◆ Try it
Restate word for word, and only, the lines that extend from the line containing "на Одещину Згорілі" through the end of the records below.

◆ Records for the exercise
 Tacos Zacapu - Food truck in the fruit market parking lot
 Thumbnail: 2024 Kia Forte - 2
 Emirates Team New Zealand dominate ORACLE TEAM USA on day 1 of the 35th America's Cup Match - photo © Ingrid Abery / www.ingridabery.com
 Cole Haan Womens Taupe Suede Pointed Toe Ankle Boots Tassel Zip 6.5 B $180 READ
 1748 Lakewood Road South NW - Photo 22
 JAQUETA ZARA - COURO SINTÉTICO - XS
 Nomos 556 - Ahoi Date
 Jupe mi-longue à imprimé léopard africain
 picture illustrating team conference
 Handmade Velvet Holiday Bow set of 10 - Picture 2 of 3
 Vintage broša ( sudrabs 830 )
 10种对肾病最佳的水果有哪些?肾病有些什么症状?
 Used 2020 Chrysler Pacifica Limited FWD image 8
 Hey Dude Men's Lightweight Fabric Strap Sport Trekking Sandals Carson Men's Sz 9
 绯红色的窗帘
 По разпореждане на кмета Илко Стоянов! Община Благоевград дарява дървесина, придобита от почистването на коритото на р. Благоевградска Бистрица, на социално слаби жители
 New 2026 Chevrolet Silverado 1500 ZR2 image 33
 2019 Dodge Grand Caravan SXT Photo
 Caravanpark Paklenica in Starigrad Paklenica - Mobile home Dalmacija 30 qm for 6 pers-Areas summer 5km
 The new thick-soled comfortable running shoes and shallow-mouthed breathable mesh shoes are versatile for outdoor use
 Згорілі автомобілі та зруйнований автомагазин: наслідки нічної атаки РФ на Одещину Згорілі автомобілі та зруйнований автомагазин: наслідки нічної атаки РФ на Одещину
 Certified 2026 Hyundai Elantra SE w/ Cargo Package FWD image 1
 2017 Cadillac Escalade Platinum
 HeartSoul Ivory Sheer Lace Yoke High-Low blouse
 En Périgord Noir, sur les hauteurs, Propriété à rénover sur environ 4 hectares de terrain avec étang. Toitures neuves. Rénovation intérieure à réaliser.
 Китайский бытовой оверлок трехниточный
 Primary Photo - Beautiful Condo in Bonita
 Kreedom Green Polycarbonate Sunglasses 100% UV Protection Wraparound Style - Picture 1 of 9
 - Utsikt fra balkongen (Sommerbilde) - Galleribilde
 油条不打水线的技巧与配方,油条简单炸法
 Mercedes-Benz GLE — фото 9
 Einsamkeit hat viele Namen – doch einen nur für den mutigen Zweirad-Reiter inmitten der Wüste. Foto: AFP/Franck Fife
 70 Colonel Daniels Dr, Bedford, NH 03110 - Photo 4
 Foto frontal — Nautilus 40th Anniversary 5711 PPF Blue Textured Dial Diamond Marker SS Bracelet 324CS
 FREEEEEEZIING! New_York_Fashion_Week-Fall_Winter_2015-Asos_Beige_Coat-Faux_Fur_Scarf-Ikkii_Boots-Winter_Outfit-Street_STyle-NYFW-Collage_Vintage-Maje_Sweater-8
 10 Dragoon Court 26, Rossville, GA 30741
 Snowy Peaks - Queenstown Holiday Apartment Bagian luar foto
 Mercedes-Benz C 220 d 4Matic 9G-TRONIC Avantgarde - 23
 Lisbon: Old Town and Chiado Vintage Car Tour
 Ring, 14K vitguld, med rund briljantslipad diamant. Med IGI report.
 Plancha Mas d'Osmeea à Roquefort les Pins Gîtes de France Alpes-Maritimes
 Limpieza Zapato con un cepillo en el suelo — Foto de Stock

◆ Solution to this problem
 Згорілі автомобілі та зруйнований автомагазин: наслідки нічної атаки РФ на Одещину Згорілі автомобілі та зруйнований автомагазин: наслідки нічної атаки РФ на Одещину
 Certified 2026 Hyundai Elantra SE w/ Cargo Package FWD image 1
 2017 Cadillac Escalade Platinum
 HeartSoul Ivory Sheer Lace Yoke High-Low blouse
 En Périgord Noir, sur les hauteurs, Propriété à rénover sur environ 4 hectares de terrain avec étang. Toitures neuves. Rénovation intérieure à réaliser.
 Китайский бытовой оверлок трехниточный
 Primary Photo - Beautiful Condo in Bonita
 Kreedom Green Polycarbonate Sunglasses 100% UV Protection Wraparound Style - Picture 1 of 9
 - Utsikt fra balkongen (Sommerbilde) - Galleribilde
 油条不打水线的技巧与配方,油条简单炸法
 Mercedes-Benz GLE — фото 9
 Einsamkeit hat viele Namen – doch einen nur für den mutigen Zweirad-Reiter inmitten der Wüste. Foto: AFP/Franck Fife
 70 Colonel Daniels Dr, Bedford, NH 03110 - Photo 4
 Foto frontal — Nautilus 40th Anniversary 5711 PPF Blue Textured Dial Diamond Marker SS Bracelet 324CS
 FREEEEEEZIING! New_York_Fashion_Week-Fall_Winter_2015-Asos_Beige_Coat-Faux_Fur_Scarf-Ikkii_Boots-Winter_Outfit-Street_STyle-NYFW-Collage_Vintage-Maje_Sweater-8
 10 Dragoon Court 26, Rossville, GA 30741
 Snowy Peaks - Queenstown Holiday Apartment Bagian luar foto
 Mercedes-Benz C 220 d 4Matic 9G-TRONIC Avantgarde - 23
 Lisbon: Old Town and Chiado Vintage Car Tour
 Ring, 14K vitguld, med rund briljantslipad diamant. Med IGI report.
 Plancha Mas d'Osmeea à Roquefort les Pins Gîtes de France Alpes-Maritimes
 Limpieza Zapato con un cepillo en el suelo — Foto de Stock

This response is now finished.